> EXERCISE DIRECTIONS: Starting at the line that contains "Maison neuve 4 pièces 90 m²" and ending at the line that contains "Plurky Spore Creature", the lines below are to be given again exactly, with nothing added.

(Short text fragments from websites)
##########
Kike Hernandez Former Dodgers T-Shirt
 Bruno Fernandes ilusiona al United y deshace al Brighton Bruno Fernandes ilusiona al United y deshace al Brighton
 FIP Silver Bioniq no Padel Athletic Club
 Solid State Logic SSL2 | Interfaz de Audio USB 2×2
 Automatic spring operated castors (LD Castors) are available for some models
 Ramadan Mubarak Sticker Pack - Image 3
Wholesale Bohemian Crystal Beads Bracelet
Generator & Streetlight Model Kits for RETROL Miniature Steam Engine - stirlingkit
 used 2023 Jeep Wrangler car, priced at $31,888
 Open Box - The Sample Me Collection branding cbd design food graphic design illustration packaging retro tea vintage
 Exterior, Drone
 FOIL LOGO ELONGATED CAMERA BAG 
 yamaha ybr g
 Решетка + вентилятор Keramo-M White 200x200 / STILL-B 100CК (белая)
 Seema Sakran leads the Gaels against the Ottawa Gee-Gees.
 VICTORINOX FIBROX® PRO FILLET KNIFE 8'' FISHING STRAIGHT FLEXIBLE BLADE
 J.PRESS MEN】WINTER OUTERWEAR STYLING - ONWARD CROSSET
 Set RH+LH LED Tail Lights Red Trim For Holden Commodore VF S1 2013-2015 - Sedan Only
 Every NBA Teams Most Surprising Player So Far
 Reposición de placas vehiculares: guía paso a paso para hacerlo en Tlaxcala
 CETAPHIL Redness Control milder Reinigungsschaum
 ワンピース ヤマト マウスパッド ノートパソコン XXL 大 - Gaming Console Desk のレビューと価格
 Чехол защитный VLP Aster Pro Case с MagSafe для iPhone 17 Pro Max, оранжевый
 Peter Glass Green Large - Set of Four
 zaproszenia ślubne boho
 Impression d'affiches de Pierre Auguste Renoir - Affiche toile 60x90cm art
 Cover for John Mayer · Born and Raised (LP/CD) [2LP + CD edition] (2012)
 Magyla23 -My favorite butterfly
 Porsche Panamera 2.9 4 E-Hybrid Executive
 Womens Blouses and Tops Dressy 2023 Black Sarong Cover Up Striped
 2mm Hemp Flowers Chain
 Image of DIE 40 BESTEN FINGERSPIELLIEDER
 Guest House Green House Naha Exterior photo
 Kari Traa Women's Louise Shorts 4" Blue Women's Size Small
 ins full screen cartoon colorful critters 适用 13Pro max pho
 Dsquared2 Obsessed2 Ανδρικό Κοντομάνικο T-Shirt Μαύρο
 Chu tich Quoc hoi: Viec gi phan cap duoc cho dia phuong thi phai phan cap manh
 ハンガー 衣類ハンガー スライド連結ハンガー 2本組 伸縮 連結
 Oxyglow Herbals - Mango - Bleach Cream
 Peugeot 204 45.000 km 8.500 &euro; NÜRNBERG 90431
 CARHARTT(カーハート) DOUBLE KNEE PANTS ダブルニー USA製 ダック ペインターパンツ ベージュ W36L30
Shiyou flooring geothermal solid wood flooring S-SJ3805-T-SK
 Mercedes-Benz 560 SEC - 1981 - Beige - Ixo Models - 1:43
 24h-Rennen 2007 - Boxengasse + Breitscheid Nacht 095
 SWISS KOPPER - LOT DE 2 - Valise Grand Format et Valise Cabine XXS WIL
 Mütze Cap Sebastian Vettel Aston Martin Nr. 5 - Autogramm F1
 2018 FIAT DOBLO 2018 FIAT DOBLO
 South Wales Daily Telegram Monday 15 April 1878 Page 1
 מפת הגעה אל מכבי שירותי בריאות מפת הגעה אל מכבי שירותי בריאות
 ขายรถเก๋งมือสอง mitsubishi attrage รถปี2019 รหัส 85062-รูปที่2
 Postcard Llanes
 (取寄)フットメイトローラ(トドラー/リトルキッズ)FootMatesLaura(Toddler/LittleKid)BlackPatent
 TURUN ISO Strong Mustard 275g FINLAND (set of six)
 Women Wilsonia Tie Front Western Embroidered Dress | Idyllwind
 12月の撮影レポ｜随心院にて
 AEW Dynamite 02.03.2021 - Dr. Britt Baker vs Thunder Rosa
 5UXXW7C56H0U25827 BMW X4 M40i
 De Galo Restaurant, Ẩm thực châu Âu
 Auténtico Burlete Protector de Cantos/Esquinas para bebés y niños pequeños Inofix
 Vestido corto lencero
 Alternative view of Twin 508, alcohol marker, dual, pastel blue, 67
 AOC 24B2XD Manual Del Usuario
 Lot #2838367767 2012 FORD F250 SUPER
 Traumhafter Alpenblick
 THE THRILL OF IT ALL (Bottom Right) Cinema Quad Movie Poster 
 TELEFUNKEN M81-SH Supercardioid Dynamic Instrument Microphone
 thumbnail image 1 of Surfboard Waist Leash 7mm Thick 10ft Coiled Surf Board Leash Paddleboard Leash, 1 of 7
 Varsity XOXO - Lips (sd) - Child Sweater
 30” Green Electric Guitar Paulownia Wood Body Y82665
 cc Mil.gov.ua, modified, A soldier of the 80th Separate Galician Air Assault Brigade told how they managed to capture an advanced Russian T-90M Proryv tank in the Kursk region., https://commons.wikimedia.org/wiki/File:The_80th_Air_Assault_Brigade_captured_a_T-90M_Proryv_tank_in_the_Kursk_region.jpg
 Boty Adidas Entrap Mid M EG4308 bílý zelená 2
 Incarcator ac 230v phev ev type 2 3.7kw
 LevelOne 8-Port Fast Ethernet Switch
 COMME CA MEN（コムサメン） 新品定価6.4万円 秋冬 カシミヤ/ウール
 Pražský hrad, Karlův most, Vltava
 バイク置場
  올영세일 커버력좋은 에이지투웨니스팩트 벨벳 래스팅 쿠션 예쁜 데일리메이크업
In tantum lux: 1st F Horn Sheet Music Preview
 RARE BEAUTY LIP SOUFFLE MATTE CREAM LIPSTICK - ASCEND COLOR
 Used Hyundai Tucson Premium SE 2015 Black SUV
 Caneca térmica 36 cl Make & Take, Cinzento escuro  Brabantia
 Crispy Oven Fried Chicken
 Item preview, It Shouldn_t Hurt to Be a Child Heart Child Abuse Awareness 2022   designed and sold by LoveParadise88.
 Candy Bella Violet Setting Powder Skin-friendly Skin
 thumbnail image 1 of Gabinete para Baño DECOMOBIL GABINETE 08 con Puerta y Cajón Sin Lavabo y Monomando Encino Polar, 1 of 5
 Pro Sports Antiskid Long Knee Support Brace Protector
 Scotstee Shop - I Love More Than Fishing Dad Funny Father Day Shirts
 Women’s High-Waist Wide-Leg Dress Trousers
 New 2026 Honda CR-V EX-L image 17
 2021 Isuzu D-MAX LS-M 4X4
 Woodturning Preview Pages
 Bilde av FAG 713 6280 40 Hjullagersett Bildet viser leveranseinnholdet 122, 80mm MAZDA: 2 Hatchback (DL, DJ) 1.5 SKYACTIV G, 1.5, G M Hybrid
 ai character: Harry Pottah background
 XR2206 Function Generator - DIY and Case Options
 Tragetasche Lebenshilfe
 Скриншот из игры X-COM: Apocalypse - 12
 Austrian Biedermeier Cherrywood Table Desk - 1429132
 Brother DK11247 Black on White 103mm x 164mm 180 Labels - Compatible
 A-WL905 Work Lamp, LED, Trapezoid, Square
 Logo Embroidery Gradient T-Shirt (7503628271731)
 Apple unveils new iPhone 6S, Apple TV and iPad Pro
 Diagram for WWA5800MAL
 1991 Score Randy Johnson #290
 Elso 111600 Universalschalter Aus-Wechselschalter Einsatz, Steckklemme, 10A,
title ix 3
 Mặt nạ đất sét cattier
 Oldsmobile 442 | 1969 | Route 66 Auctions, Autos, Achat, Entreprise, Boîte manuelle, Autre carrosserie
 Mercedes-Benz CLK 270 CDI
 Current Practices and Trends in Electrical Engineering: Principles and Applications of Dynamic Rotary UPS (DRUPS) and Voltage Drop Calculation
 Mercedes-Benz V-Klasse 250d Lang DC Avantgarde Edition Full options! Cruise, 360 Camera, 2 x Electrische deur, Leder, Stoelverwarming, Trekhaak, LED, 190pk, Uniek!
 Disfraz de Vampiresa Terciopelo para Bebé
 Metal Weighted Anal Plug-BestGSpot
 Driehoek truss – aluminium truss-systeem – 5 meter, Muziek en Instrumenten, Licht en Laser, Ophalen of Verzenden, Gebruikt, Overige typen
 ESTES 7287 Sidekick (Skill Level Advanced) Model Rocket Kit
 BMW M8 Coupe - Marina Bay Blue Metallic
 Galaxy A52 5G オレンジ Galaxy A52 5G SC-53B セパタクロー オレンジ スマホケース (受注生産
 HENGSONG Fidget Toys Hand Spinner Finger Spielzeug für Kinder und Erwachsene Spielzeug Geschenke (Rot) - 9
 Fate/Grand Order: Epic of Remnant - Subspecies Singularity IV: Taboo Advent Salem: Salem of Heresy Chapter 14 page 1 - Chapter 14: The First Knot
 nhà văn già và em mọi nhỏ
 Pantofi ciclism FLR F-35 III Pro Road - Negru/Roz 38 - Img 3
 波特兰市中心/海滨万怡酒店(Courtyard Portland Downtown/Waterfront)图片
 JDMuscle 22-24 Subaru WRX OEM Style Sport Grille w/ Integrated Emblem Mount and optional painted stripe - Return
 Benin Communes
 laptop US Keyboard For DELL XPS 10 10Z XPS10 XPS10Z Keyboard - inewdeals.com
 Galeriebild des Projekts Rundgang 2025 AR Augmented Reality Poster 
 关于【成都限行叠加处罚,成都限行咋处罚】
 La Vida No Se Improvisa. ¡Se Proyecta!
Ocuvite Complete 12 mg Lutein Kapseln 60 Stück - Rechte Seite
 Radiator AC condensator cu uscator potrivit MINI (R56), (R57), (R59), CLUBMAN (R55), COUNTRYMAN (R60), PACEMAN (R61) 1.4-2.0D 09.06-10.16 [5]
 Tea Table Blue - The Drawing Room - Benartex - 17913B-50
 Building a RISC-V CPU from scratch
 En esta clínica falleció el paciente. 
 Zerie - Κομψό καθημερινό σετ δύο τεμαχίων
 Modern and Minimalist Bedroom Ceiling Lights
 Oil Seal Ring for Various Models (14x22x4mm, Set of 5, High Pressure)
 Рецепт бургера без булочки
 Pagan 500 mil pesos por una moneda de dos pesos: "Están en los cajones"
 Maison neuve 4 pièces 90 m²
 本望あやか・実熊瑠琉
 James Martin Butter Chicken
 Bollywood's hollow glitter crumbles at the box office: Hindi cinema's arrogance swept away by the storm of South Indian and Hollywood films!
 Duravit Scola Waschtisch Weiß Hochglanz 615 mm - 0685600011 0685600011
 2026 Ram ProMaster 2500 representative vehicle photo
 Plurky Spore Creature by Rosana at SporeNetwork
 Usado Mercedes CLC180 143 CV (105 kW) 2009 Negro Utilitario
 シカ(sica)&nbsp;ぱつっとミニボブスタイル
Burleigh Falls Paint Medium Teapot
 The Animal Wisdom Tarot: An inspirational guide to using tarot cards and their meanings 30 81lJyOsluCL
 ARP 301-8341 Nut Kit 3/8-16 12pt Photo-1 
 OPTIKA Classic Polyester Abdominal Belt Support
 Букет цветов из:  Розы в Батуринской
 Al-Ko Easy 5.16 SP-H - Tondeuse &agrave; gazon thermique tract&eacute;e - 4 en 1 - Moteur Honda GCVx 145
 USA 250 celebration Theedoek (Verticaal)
##########
> ANSWER FOR THIS EXERCISE:
 Maison neuve 4 pièces 90 m²
 本望あやか・実熊瑠琉
 James Martin Butter Chicken
 Bollywood's hollow glitter crumbles at the box office: Hindi cinema's arrogance swept away by the storm of South Indian and Hollywood films!
 Duravit Scola Waschtisch Weiß Hochglanz 615 mm - 0685600011 0685600011
 2026 Ram ProMaster 2500 representative vehicle photo
 Plurky Spore Creature by Rosana at SporeNetwork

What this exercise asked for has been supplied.